What is variance, anyway? In simple terms it is a sort of resolution of two vectors, one moving away from the mean in the negative direction, and the other moving away from the mean in the positive direction. It gives us an idea of how far things spread out around the mean. variance is the deviation squared. It is itself, an area.
Variance will always be a positive number since it is a sum of n squares divided by n. In program terms this implies we must accumulate a sum, then divide the total by the number of terms.
The distance of each value from the mean is central to this calculation. In the end it gives us a distribution metric, the square of sigma. We can plot it as intervals both left and right of the normal (the mean) once evaluated.
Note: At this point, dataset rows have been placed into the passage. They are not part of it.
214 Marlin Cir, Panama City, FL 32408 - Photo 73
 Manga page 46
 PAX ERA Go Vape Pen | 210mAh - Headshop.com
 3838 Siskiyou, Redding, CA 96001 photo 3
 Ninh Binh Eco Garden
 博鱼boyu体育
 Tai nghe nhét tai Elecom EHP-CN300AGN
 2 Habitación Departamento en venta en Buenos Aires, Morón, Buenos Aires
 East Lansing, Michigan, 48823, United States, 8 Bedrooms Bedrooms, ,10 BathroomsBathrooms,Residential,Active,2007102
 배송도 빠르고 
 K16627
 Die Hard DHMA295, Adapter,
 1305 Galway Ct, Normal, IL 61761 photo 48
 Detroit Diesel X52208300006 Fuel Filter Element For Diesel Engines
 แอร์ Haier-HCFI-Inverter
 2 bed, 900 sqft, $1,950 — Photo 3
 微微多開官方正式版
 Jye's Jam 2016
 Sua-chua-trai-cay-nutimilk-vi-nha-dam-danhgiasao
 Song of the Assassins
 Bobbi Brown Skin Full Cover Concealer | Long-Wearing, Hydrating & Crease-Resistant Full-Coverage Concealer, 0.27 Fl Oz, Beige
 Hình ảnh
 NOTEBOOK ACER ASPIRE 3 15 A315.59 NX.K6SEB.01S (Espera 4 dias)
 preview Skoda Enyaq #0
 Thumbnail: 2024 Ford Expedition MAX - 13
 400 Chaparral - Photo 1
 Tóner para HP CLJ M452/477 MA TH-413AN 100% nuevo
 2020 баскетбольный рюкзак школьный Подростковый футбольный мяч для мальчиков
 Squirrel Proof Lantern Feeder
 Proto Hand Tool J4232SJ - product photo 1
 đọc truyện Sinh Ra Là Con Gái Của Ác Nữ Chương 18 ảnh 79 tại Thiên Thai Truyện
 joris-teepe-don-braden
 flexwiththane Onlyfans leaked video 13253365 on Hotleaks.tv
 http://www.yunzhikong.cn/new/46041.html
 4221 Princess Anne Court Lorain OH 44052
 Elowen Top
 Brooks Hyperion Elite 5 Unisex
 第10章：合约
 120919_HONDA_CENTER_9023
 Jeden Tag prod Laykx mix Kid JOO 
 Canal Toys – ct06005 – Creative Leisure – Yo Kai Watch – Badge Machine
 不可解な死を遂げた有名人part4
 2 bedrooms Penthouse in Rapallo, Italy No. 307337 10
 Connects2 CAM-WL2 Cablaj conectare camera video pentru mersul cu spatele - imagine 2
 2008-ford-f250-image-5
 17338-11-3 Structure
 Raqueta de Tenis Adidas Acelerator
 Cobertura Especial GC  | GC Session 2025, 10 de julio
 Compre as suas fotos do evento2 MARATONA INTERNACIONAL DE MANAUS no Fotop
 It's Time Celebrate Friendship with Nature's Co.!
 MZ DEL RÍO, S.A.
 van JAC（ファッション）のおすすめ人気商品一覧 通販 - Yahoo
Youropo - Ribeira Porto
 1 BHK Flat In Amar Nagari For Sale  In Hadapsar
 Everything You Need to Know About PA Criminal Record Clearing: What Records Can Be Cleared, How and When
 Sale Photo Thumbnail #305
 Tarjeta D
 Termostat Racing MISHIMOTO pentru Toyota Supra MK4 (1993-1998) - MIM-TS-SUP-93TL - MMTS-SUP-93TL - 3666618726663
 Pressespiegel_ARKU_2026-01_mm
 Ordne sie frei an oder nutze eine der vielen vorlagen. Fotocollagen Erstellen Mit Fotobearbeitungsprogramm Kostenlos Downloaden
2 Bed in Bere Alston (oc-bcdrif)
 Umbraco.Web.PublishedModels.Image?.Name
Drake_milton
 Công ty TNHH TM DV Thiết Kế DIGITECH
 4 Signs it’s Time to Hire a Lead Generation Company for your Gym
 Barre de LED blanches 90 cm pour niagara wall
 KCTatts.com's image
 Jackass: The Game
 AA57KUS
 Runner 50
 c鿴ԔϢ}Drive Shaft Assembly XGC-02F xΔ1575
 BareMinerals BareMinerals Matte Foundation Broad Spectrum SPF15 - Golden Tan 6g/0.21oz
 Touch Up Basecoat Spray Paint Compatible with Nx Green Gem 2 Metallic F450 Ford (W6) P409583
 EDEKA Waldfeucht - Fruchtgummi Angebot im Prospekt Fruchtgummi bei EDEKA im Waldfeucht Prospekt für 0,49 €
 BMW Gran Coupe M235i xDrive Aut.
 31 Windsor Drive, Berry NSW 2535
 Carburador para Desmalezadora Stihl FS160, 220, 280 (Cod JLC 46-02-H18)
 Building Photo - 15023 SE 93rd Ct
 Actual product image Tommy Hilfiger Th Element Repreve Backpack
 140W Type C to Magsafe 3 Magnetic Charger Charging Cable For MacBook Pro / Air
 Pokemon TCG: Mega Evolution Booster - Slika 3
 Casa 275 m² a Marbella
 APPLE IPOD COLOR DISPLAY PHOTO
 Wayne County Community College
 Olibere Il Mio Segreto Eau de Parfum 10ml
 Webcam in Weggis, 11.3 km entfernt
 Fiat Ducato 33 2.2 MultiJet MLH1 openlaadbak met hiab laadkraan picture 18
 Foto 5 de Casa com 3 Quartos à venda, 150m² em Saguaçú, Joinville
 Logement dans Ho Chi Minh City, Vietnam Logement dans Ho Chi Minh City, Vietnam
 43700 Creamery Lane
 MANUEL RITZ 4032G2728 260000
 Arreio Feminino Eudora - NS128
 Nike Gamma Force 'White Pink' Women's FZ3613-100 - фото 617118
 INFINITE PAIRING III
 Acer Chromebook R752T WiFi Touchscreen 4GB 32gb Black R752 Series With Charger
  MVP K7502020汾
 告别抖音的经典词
z-scores are calculated using sigma (standard deviation). It is these scores we use to calculate area under the normal curve.
Say we have a mean of 66 and a sigma of 11 (meaning variance is 121).
... • • ...
33 44 55 66 77 88 99
This tells us that better than 85% of the class passed the exam (if 50 is a passing grade). In a class of 200, 1 person got 100% (and 1 person got less than 33%). Roughly 30 got better than 77 and slightly fewer failed.
Given a sample space
n = len(N)
x = grades_average(N)
s = 0
for h in N:
s += float(x - h) ** 2
return s / n
See if you might find your errors by comparing the above.